WORK ITEM: Each line of the entries that mentions the string "image" needs to be reported.

[Crawled caption data]
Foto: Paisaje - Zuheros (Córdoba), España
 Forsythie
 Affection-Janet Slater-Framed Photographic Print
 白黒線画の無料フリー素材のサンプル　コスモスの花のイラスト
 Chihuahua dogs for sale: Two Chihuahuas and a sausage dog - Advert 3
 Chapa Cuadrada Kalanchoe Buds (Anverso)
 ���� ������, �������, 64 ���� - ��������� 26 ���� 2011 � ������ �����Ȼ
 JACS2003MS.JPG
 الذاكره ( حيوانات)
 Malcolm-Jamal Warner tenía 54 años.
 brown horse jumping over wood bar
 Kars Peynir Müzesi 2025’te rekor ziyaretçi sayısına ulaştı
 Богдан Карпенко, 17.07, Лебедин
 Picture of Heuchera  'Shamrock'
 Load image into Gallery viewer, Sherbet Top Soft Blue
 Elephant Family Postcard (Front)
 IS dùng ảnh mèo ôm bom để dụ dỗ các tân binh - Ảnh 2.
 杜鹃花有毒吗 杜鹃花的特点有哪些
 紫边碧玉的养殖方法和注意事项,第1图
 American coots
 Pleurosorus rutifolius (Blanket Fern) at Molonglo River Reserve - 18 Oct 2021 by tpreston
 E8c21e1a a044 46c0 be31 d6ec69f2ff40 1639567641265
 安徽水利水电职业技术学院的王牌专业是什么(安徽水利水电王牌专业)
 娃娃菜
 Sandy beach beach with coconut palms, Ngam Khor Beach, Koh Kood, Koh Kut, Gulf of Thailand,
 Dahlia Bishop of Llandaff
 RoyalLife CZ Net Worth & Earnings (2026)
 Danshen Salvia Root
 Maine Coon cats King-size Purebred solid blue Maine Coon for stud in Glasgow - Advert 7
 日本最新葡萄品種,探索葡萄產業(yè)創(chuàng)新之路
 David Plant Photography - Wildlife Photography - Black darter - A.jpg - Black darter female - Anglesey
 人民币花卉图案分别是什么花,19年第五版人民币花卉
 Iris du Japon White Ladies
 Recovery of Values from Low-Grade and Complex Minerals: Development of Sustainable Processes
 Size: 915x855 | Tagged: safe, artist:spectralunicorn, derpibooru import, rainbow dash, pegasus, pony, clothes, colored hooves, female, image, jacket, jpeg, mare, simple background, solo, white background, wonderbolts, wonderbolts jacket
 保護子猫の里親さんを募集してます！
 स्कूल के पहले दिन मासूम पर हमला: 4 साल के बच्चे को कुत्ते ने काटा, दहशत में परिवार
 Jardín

TASK RESULT:
 Load image into Gallery viewer, Sherbet Top Soft Blue
 Size: 915x855 | Tagged: safe, artist:spectralunicorn, derpibooru import, rainbow dash, pegasus, pony, clothes, colored hooves, female, image, jacket, jpeg, mare, simple background, solo, white background, wonderbolts, wonderbolts jacket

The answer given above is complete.